Friday, 5 December 2014
As the morning sun was shining, I decided it would be a nice day for a drive across the fen to find some swans. Now that the weather has finally turned cold, I figured that the Bewick's would be starting to arrive in larger numbers.
I set out, car radio on, listening to radio Four, eyebrow raised as some woman harped on about how men cannot be feminists, and that there is in fact a difference between gender equality and sex equality- and one of them is good and one of them is bad (?????) and by the time I had driven half way up the drove between Littleport and Ten Mile Bank, the sun had faded and a grey haze hid the distance- weatherwise that is. There were swans, however, and in fairly good numbers- so I started to count. They were spread across a few wheat and beet fields, and awkward ripples in the land, and reed lined ditches made counting difficult- whole families of Whooper Swans could magically appear or disappear as if erupting from the black soil itself.

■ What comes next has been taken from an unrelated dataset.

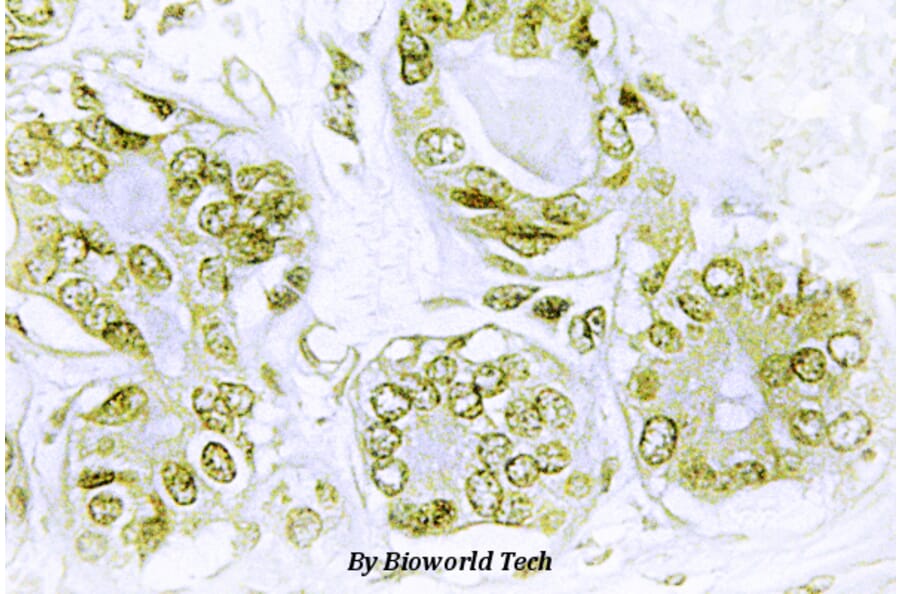 Anti-IkB-α (phospho-Y42) Antibody from Bioworld Technology (BS4736) - Antibodies.com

It was while scanning and counting one particular flock that a large hovering shape grabbed my attention like a Kestrel grabbing a vole. Damn! I can't stop counting now or i'll forget where I left off. Seconds later, the scan was finished and I panned my scope back towards the distant railway- and a Rough-legged Buzzard turned, hovered with tail showing and then slunk off into the mist.
Lets be honest- this was what I was really hoping to see, although I didn't quite expect it in the location I was now at. The buzzard was three km away from where Dunc has seen it, so a fair range this bird must have.
It didn't reappear so I turned my attention to a gaggle of geese that were with the swans. Almost invisible against the fen blackness, 15 White-fronted and 4 pink-footed geese. Five hundred metres inside the Ely 10 for any patch limit pedants. The White-fronts were especially nice to see- three pairs with young, the young birds still without black belly barring or indeed their white fronts.
I turned for home, passing groups of Blackheaded and Common Gulls loafing on the ploughwork, and the odd Mistle Thrush and Kestrel on the wires. While driving back along the river to Queen Adelaide I noticed activity in a small triangular field just by the bridge over the Lark. 300 or so Starlings and about 150 fieldfare- unsettled and moving between the berry laden hedge, onto the grass and then onto the track where they were drinking from small gritty puddles. Its the first decent flock of fieldfare I've seen this year, a sign that winter has finally caught up with us. I couldn't resist taking a few pics in the poor light.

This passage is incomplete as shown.